I have a sudden idea. A perfect one, if I want to get the doctor off my back with the least amount of effort possible. “Do you think Dr. Aurelius would let us team up for my project?” I ask Peeta. He stops whisking the frosting, and looks up at me.
“What do you mean?”
“I don’t have a goal,” I say, biting my lip as I look back at his drawing.
“I know.”
“I could help you with yours. I could write everything I know about what you draw, as many details as I can remember. Every true story I know. So it’s documented, and you can look at it. We could make it into a book.”

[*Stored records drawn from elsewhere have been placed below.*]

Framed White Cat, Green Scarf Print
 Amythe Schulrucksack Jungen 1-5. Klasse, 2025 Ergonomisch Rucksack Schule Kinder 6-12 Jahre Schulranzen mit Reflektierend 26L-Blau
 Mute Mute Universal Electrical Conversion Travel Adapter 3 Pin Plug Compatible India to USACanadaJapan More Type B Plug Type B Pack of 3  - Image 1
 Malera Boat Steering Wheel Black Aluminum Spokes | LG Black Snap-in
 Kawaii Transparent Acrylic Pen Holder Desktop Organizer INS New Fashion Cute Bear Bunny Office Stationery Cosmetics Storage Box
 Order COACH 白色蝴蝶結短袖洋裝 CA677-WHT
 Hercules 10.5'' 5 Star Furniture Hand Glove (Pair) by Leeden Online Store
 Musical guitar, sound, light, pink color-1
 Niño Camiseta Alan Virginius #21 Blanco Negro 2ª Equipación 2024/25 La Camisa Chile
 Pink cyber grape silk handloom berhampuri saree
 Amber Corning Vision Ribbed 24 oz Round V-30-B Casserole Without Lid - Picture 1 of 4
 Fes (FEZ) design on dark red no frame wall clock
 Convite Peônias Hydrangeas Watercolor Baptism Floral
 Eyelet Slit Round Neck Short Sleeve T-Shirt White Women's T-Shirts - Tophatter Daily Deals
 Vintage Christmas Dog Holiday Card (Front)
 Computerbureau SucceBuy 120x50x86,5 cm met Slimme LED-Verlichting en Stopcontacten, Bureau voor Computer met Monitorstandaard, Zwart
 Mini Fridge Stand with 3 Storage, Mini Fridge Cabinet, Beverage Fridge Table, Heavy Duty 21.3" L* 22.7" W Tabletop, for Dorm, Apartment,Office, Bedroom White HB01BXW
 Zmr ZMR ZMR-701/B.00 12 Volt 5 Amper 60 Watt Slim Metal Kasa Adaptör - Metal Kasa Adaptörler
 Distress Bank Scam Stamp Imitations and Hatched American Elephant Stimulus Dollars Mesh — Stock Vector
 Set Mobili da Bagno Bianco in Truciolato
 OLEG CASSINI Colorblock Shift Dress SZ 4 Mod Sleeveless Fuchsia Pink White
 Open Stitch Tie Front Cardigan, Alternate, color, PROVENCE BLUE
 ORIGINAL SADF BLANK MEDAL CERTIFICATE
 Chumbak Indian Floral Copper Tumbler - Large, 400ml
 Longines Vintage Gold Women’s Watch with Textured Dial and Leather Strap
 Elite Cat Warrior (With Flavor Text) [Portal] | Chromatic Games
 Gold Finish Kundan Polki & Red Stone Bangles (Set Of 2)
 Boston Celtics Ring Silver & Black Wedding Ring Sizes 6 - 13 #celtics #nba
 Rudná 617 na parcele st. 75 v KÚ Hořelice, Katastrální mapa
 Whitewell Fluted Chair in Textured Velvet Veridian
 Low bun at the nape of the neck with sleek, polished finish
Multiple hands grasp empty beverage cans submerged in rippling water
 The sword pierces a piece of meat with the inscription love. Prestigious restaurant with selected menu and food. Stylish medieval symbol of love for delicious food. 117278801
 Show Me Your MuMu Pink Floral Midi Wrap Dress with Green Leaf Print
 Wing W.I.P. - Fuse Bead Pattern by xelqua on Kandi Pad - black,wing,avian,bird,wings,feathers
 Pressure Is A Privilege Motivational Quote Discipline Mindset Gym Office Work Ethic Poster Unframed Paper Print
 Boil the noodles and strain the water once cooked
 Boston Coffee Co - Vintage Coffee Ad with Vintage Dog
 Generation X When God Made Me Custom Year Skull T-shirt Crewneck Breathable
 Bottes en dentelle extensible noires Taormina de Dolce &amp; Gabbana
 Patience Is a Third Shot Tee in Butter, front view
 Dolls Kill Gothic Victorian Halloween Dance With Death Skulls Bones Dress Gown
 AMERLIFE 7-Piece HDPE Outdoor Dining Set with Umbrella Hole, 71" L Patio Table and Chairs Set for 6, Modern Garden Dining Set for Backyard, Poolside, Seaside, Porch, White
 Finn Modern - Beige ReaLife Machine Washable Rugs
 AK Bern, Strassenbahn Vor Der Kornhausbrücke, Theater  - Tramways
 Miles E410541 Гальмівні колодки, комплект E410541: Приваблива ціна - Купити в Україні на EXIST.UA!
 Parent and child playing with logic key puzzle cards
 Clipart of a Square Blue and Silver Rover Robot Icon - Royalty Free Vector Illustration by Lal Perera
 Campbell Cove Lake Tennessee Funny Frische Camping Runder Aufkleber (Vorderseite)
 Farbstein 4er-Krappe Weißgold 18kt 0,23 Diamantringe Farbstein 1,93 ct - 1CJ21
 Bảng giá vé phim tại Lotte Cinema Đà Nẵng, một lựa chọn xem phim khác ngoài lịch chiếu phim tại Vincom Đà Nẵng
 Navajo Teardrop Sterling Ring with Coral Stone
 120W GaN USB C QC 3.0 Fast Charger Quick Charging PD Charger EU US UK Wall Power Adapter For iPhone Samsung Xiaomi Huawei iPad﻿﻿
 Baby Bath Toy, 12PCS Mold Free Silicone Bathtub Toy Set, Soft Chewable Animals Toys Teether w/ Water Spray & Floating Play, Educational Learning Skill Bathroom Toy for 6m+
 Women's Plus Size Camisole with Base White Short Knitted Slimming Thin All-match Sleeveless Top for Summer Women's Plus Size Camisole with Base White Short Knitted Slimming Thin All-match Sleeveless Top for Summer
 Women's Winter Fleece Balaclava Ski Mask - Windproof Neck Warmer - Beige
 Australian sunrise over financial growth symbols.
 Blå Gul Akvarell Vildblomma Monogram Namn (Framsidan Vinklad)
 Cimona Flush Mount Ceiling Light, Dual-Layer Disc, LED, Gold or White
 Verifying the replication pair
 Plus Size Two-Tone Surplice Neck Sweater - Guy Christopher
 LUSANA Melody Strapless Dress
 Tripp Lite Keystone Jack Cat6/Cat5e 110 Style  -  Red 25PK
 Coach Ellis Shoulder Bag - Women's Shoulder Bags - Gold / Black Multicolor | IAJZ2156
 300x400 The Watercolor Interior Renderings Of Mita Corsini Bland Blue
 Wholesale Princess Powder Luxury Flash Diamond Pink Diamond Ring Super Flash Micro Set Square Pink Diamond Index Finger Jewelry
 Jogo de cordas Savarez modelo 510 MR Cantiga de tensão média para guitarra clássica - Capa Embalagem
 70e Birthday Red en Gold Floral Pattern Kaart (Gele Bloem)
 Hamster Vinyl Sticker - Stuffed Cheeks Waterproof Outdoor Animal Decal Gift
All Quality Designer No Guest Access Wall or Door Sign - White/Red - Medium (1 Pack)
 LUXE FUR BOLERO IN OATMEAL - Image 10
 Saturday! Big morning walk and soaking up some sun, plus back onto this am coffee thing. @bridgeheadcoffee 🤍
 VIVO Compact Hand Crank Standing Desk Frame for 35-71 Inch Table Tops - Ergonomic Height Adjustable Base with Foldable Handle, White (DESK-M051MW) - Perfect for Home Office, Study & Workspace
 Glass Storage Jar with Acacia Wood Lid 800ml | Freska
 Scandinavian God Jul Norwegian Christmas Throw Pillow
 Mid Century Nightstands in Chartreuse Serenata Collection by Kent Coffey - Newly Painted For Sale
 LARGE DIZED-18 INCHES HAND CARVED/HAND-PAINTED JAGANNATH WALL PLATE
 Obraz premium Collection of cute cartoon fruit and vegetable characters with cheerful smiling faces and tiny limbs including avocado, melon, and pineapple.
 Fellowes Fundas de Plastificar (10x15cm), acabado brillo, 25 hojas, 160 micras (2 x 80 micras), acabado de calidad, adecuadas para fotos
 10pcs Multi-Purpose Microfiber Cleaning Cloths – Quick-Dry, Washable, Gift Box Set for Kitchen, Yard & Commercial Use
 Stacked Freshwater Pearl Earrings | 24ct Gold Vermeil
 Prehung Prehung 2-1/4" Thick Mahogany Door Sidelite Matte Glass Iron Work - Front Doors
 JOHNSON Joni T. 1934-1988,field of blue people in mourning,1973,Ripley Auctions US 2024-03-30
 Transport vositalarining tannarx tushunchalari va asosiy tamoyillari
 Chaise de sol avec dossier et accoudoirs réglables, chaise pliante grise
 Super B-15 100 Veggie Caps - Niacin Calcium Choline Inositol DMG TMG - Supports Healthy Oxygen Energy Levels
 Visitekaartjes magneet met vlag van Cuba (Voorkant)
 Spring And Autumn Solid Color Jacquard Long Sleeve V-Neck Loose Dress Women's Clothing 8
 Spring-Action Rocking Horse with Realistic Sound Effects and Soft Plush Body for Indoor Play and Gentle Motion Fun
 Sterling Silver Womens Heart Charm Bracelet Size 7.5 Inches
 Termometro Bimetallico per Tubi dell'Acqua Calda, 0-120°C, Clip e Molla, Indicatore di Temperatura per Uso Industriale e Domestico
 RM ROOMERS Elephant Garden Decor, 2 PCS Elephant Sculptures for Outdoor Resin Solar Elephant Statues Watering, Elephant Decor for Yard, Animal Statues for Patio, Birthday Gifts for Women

He considers me for a moment, and to duck away from his gaze, I point at the drawing. “There were new cakes in the window every other day. Some of the kids from the Seam walked by the bakery on their way home, even though it was out of the way, because even a glimpse at all the frosting made them feel better. There was a back door that led to the pigpen, and if you burnt the bread you had to throw it out there, but one day I was there and you threw it to me instead. You told me before the Quell that you and your brothers were sharing a room above the bakery and they were probably happy you moved out because there was one less person there.”
I take a breath, and a smile has been slowly growing on Peeta’s face as I talk. I continue, “You told me in the winter you’d go to bed overheating and wake up freezing because the ovens had cooled off. You iced the cakes which is why you’re so good at art. Your father bought squirrels from me from the back door, because your mother would get mad if she found out. Sometimes I could see you and your brothers working in the kitchen from the door.”
My brain fumbles for more memories, and in the silence Peeta hands me a new piece of paper.
“Can you write all of that down?” he asks.